This is a bit more “ripped from the headlines” than the usual post on this substack, but it’s a puzzle of British politics which I think might have more general relevance. The question that is on my mind is something like “why are the government losing so many court cases?”. Or more particularly “why are the government taking so many silly Ls, by making rookie legal mistakes?”.
A few recent cases which for various reasons crossed my threshold in quick succession:
1) The Woodland Park datacentre. This was given planning permission by the relevant Secretary of State, overruling the local council and saying that there was no need for an environmental impact assessment. Of course, there was, and the government admitted this on the courthouse steps.
2) The proscription of Palestine Action under the terrorism legislation. The Home Office decided to say, in minutes and a press release, that one benefit of doing so is that it would make it much more operationally convenient for the police. In doing so, it ignored its own policy that terrorism legislation has to be used for terrorism reasons, not just to make things easier.
3) The local elections fiasco. After having decided to postpone local elections in the areas where councils are going to be wound up and reorganised, the Secretary of State then took a look at his legal advice and realised that once more, it wouldn’t fly.
Once is bad luck, twice is coincidence but the third time is enemy action, as the saying goes. Repeatedly, it seems that the government has got into the habit of taking decisions which it then doesn’t fancy to defend. What is going on?
All I have are hypotheses. It is possible that what we’re seeing here is arrogance. The environment of “in front of intelligent neutral parties who can’t be intimidated, with severe penalties for lying” is often an uncongenial one in which to defend one’s decisions. The idea here would be that having got where they are today by factional bullying and waiting for the intellectual and organisational collapse of the other side, the Labour Party is poorly equipped for doing things without its traditional weapons and advantages.
But I feel that this might be letting the civil servants and lawyers off the hook too easily. It might be that the professional advisors were bullied and overruled, but why has this started happening so much, so recently? Are Keir Starmer and his team really so much more intimidating than governments of the past?

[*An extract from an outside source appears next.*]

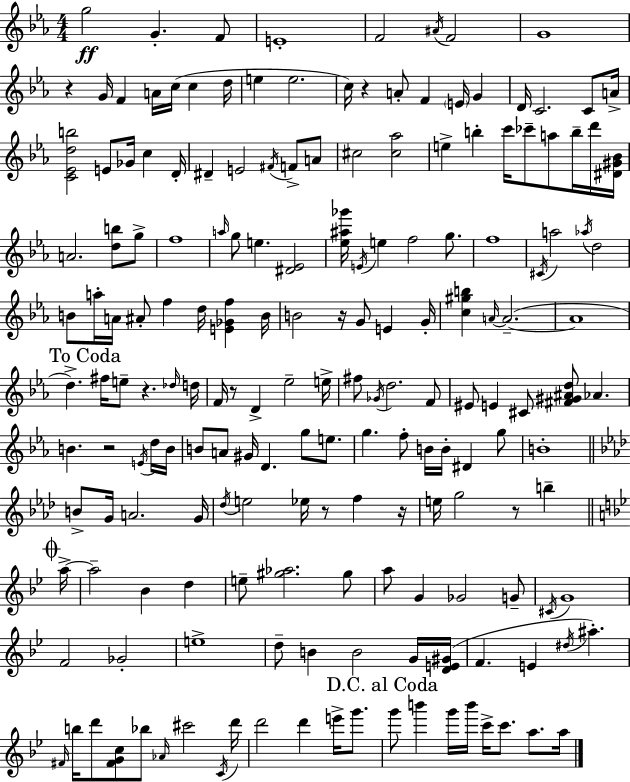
G5/h G4/q. F4/e E4/w F4/h A#4/s F4/h G4/w R/q G4/s F4/q A4/s C5/s C5/q D5/s E5/q E5/h. C5/s R/q A4/e F4/q E4/s G4/q D4/s C4/h. C4/e A4/s [C4,Eb4,D5,B5]/h E4/e Gb4/s C5/q D4/s D#4/q E4/h F#4/s F4/e A4/e C#5/h [C#5,Ab5]/h E5/q B5/q C6/s CES6/e A5/e B5/s D6/s [D#4,G#4,Bb4]/s A4/h. [D5,B5]/e G5/e F5/w A5/s G5/e E5/q. [D#4,Eb4]/h [Eb5,A#5,Gb6]/s E4/s E5/q F5/h G5/e. F5/w C#4/s A5/h Ab5/s D5/h B4/e A5/s A4/s A#4/e F5/q D5/s [E4,Gb4,F5]/q B4/s B4/h R/s G4/e E4/q G4/s [C5,G#5,B5]/q A4/s A4/h. A4/w D5/q. F#5/s E5/e R/q. Db5/s D5/s F4/s R/e D4/q Eb5/h E5/s F#5/e Gb4/s D5/h. F4/e EIS4/e E4/q C#4/e [F#4,G#4,A#4,D5]/e Ab4/q. B4/q. R/h E4/s D5/s B4/s B4/e A4/e G#4/s D4/q. G5/e E5/e. G5/q. F5/e B4/s B4/s D#4/q G5/e B4/w B4/e G4/s A4/h. G4/s Db5/s E5/h Eb5/s R/e F5/q R/s E5/s G5/h R/e B5/q A5/s A5/h Bb4/q D5/q E5/e [G#5,Ab5]/h. G#5/e A5/e G4/q Gb4/h G4/e C#4/s G4/w F4/h Gb4/h E5/w D5/e B4/q B4/h G4/s [D4,E4,G#4]/s F4/q. E4/q D#5/s A#5/q. F#4/s B5/s D6/e [F#4,G4,C5]/e Bb5/e Ab4/s C#6/h C4/s D6/s D6/h D6/q E6/s G6/e. G6/e B6/q G6/s B6/s C6/s C6/e. A5/e. A5/s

Or, is there a problem of state capacity here? I think it’s also possible that we’re seeing a combination of factors; hollowing out and juniorisation in a civil and legal service that can’t pay competitive wages, plus bad habits learned during the pandemic, when it was possible to make calls on team spirit and the greater good and go well beyond your statutory powers.
In any case, our prime minister is apparently frustrated at the fact that the “levers of power” don’t work. That’s always been a bit of an odd metaphor in my view – there aren’t many machines that work by pulling levers, I think the image we’re meant to have is of a railway points-switching box. But it’s clearly one that’s now actively misleading. Pulling at levers and dialling things up and down is only a useful way of thinking about government within the normal zone of operation. We left that normal zone some time between 2008 and 2016.
So now, getting things done is more like herding (whatever your favourite difficult-to-herd animal species is). You need to either build support and consensus through politics, or you need to absolutely dot the i’s and cross the t’s with respect to the legal statutes giving you the power to act without that consensus. Our government doesn’t appear to have caught up to this reality, but I think it is a reality which has changed, rather than them just being no good at it. I might be wrong - I do not have strongly held opinions on this subject - but I do think I’ve identified something that’s going on here.